The TTS pipeline was working. Text went in, audio came out. The narrator-tts worker processes split a manuscript into segments, generate audio for each one, and stitch the results together. A full novel — 120,000 words, roughly 14 hours of audio — takes about 8 hours on my RTX 4070 Ti.

The problem was quality verification. How do you know the audio is correct?

You can listen to it. I listened to the first few chapters of the first book I generated. It sounded great. The voice was consistent, the pacing was natural, the pronunciation was clean. Then I spot-checked chapters 8, 15, and 22. All fine. I declared it good and moved on.

Chapter 14 had a problem. One of the segments — about 45 seconds of audio — had a subtle glitch. The model produced a half-second of static in the middle of a sentence, then continued normally. The words before and after the static were correct. If you were listening casually, you might not notice. If you were listening on speakers at moderate volume, you would absolutely notice.

I did not catch it. I had not listened to chapter 14.

Spot-checking 14 hours of audio is not quality assurance. It is prayer.

The Problem With Generative Audio QA

Traditional software QA checks outputs against expected values. You assert that function(input) returns expected_output. If it does not, the test fails.

Generative audio does not have expected outputs. The same text can be read in infinitely many valid ways — different pacing, different emphasis, different breath patterns. You cannot assert that the audio matches a reference waveform. You cannot even assert that the waveform is "smooth" or "clean" in any simple way, because natural speech has irregular waveforms by design.

What you can assert is that the audio contains the right words in the right order. If the model dropped a word, repeated a word, substituted a word, or produced noise instead of a word, the text content of the audio will not match the source manuscript.
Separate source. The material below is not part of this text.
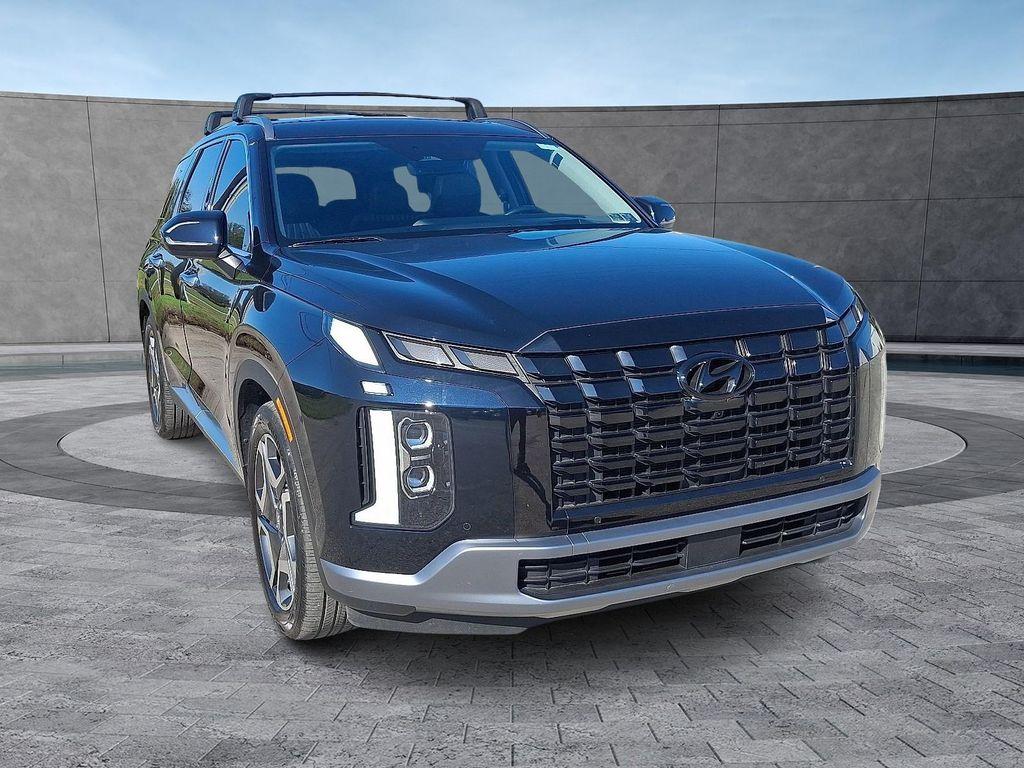 used 2023 Hyundai Palisade car, priced at $42,994
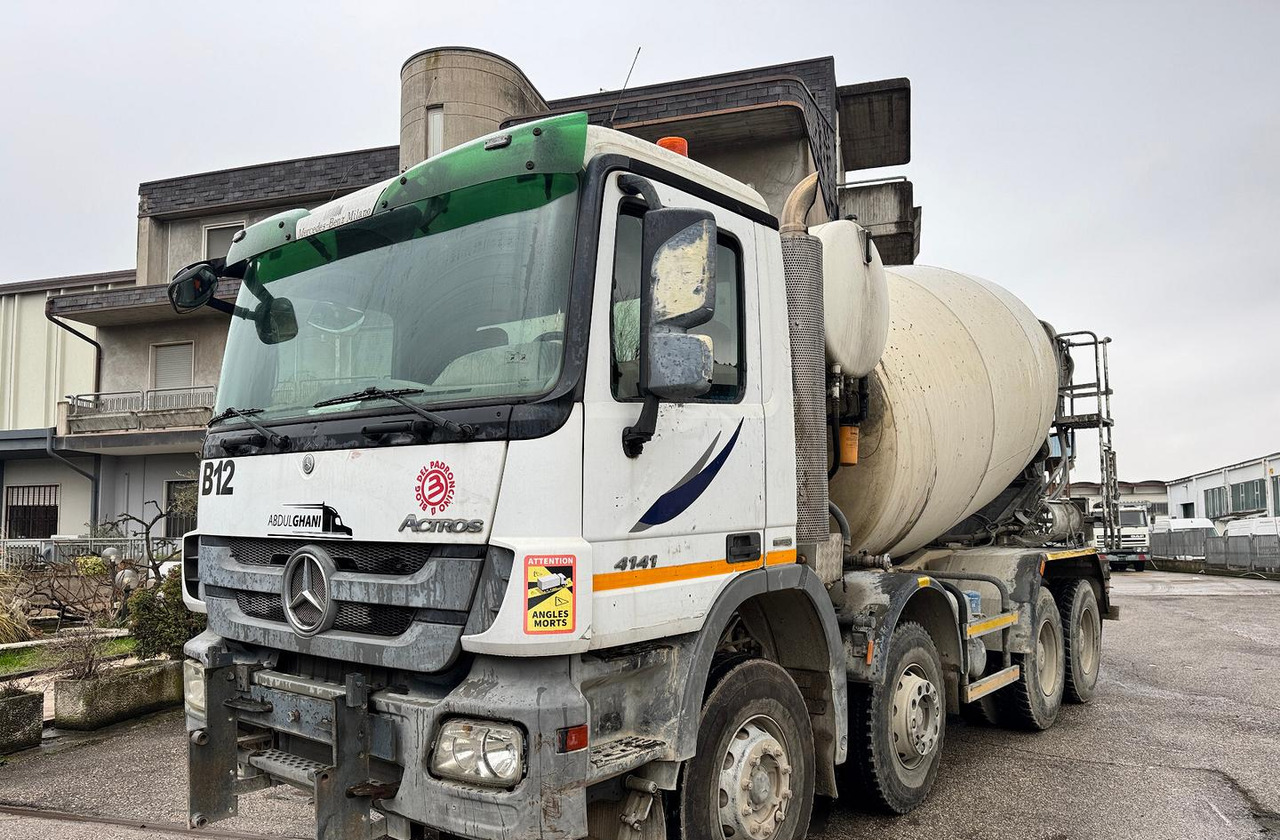 Camião betoneira Autobetoniera Armec PHY120 su telaio Mercedes-Benz: foto 1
This is the insight: you don't verify the audio. You verify that the audio says what it was supposed to say.

The Loop

The QA loop has four stages:

1. Generate. The TTS worker produces audio for a text segment. This is the normal generation step — no changes to the pipeline.

2. Transcribe. Run the generated audio through Whisper. The ASR model produces a text transcription of what it heard in the audio.

3. Compare. Compare the Whisper transcription to the original source text. Normalize both — lowercase, strip punctuation, collapse whitespace — so the comparison is on word content, not formatting.

4. Retry or accept. If the transcribed text matches the source text (or is close enough within a threshold), the segment passes. If the mismatch exceeds the threshold, the segment goes back into the generation queue for another attempt.

The loop runs automatically. No human listens to anything. No human reads transcripts. The system generates, verifies, and retries on its own.

The Comparison

The comparison step is where the design decisions live. You need to handle four things:

Exact word match is too strict. Whisper sometimes transcribes "cannot" as "can not," or "well-being" as "well being." These are not errors in the audio — they are normalization differences in the transcription. A strict word-by-word comparison would flag these as mismatches and trigger unnecessary retries.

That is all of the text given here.